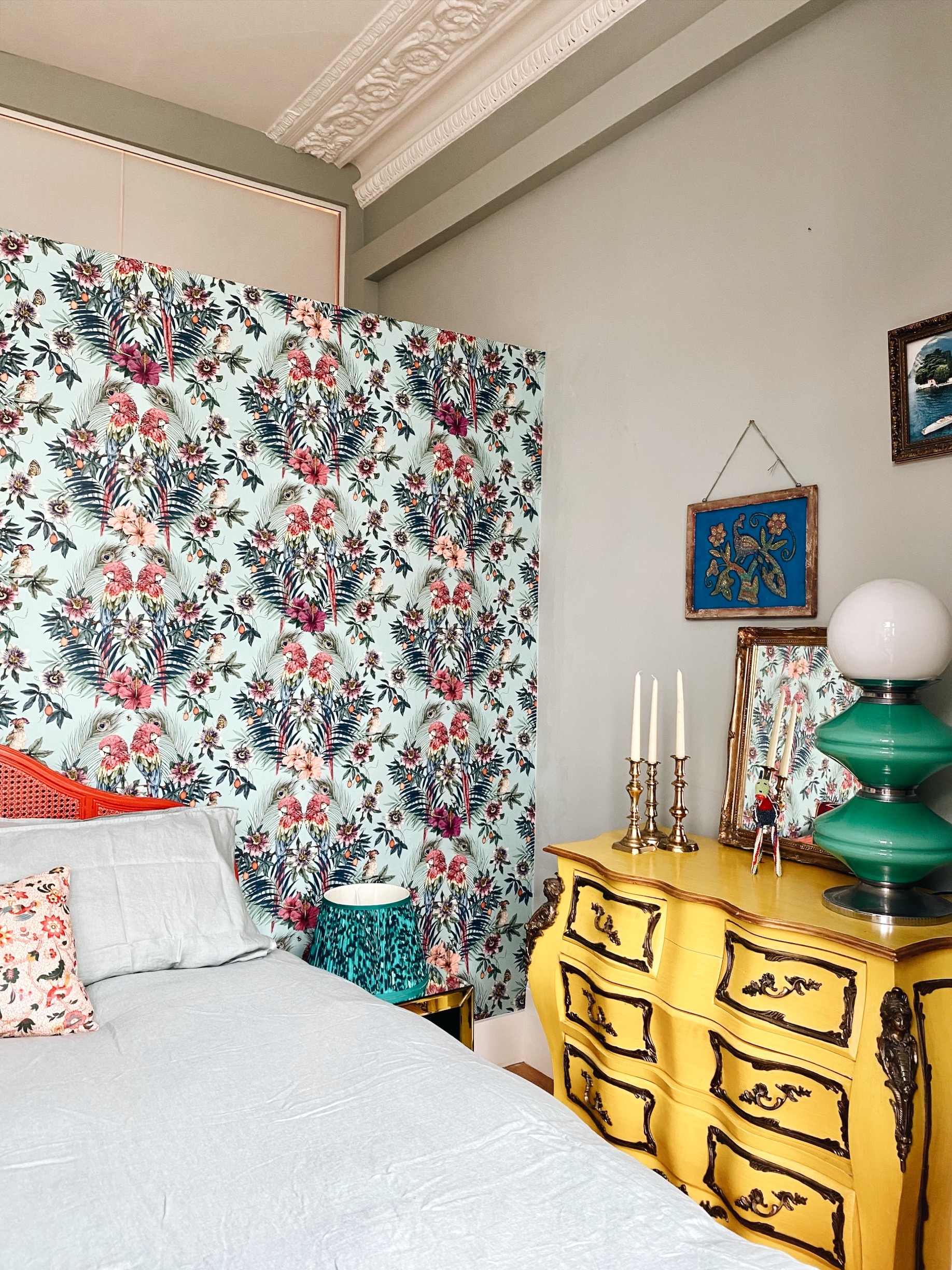 yellow painted vintage furniture in the home of Matthew Williamson with his own wallpaper design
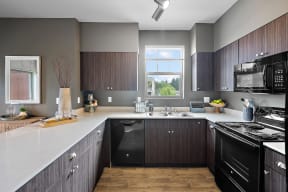 an updated kitchen with black appliances and white countertops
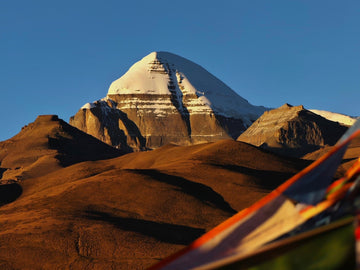Majestic Mount Kailash bathed in golden sunlight, sacred Himalayan peak symbolizing purity, devotion, and divine spiritual energy.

** Brief **
Restate the listing above word for word, and skip the pictures.

** Exercise output **
 yellow painted vintage furniture in the home of Matthew Williamson with his own wallpaper design
 an updated kitchen with black appliances and white countertops
Majestic Mount Kailash bathed in golden sunlight, sacred Himalayan peak symbolizing purity, devotion, and divine spiritual energy.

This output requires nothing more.